[Information supplied — start]
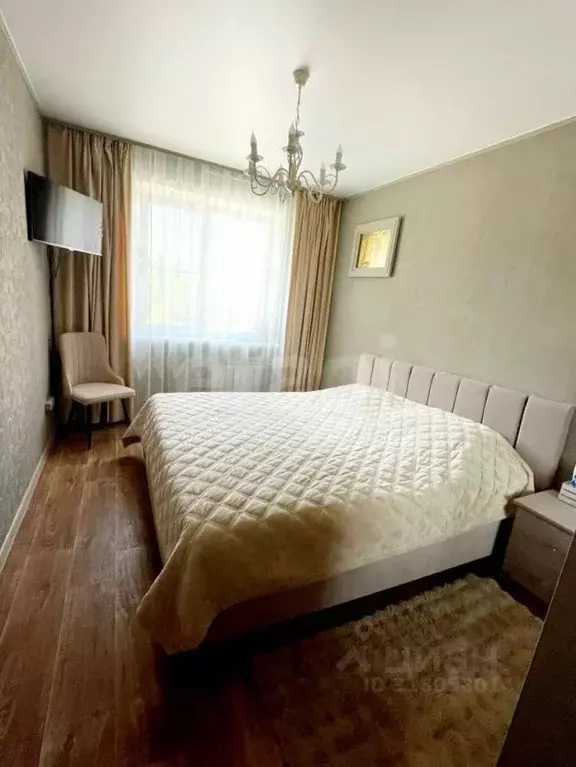 2-к кв. Мордовия, Саранск ул. Тани Бибиной, 3/2 (58.4 м) - Фото 0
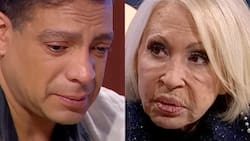 Laura Bozzo logró lo impensado: Juan David Rodríguez rompió en llanto y asumió su paternidad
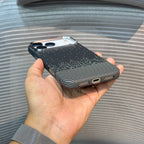 Protective Apple iPhone Back Cover - Carbonique MagSafe iPhone 17 Pro Max Case - Style 5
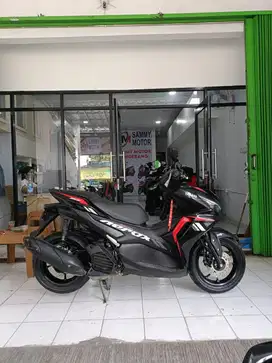 AEROX 155 ALL NEW CON LIKE NEW BUNGA 0% VIA CC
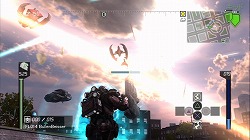 画像集#009のサムネイル/今度はアメリカを拠点に地球防衛だ。「EARTH DEFENSE FORCE: INSECT ARMAGEDDON」のプレイムービーをアップ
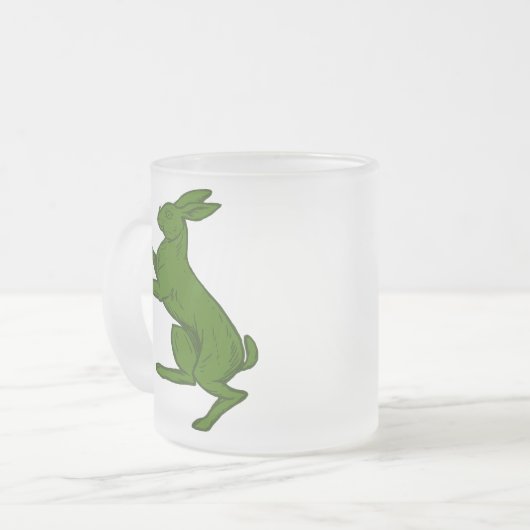 Tasse Givré SCA Brokenbridge (Devant gauche)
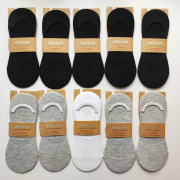 Следики универсальный черный, серый, темно-серый SYLTAN 2167-1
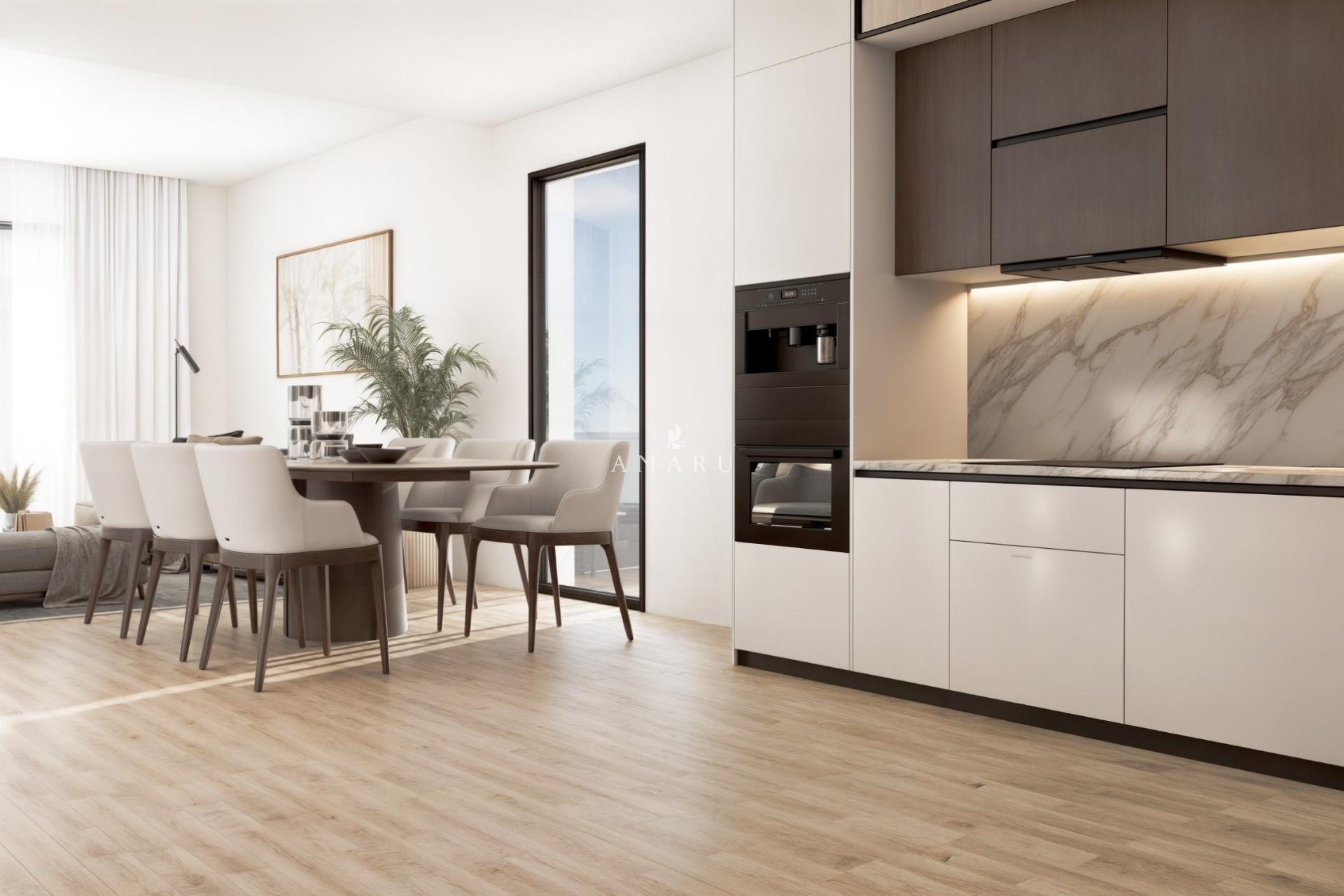 Nouvelle construction - Attique -
Finestrat - Balcón De Finestrat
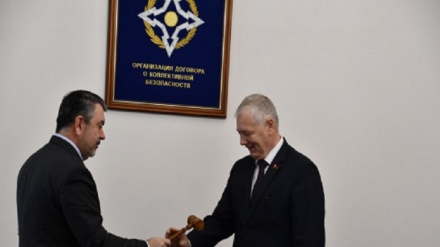 ՀԱՊԿ մշտական խորհրդի նախագահ է ընտրվել Բելառուսի ներկայացուցիչը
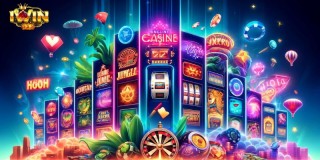 Iwinclub – Hệ Sinh Thái Cá Cược Định Hình Tiêu Chuẩn Mới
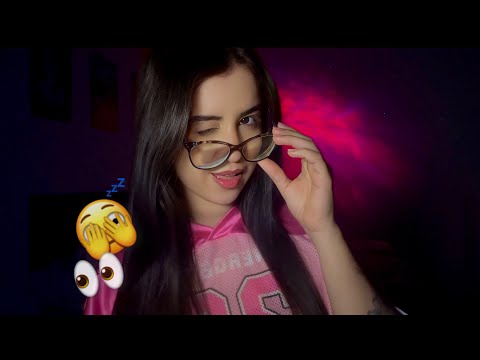 ASMR PARA ASSISTIR SOZINHO 👀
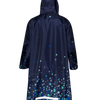 Manteau de pluie rigolo Gouttes de pluie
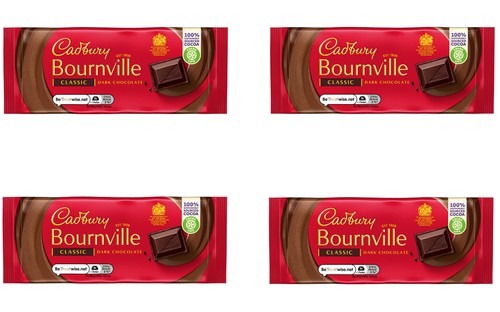 100g cadbury bourneville - 100g,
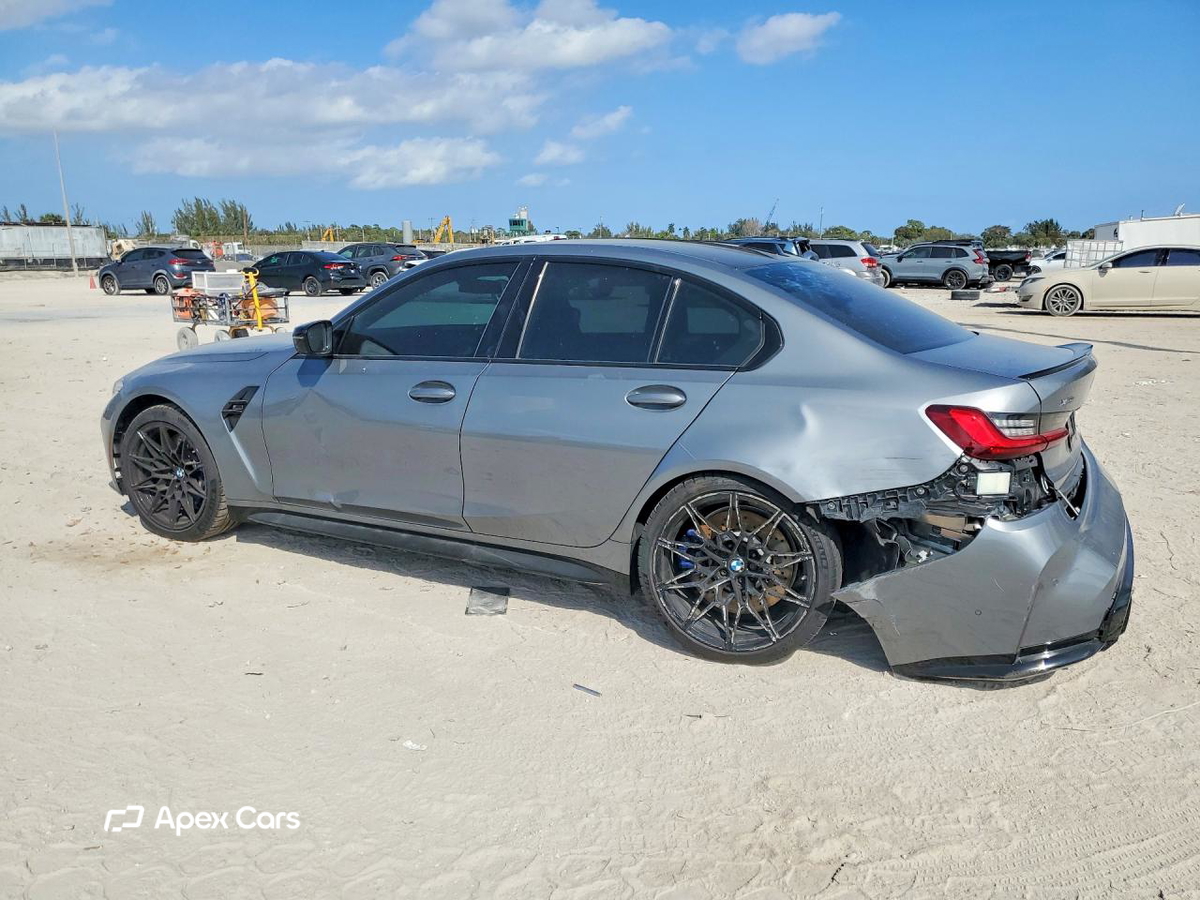 BMW M3 2024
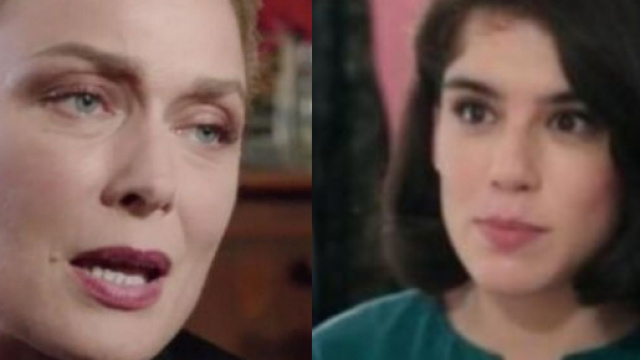 Il Paradiso, puntate al 7/01: Flavia torna, Stefania triste per la perdita della madre.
[Information supplied — finish]
Output only the lines from the start of the data through the line that holds "ՀԱՊԿ մշտական խորհրդի". Keep them exact and leave the pictures out.

### Written solution
 2-к кв. Мордовия, Саранск ул. Тани Бибиной, 3/2 (58.4 м) - Фото 0
 Laura Bozzo logró lo impensado: Juan David Rodríguez rompió en llanto y asumió su paternidad
 Protective Apple iPhone Back Cover - Carbonique MagSafe iPhone 17 Pro Max Case - Style 5
 AEROX 155 ALL NEW CON LIKE NEW BUNGA 0% VIA CC
 画像集#009のサムネイル/今度はアメリカを拠点に地球防衛だ。「EARTH DEFENSE FORCE: INSECT ARMAGEDDON」のプレイムービーをアップ
 Tasse Givré SCA Brokenbridge (Devant gauche)
 Следики универсальный черный, серый, темно-серый SYLTAN 2167-1
 Nouvelle construction - Attique -
Finestrat - Balcón De Finestrat
 ՀԱՊԿ մշտական խորհրդի նախագահ է ընտրվել Բելառուսի ներկայացուցիչը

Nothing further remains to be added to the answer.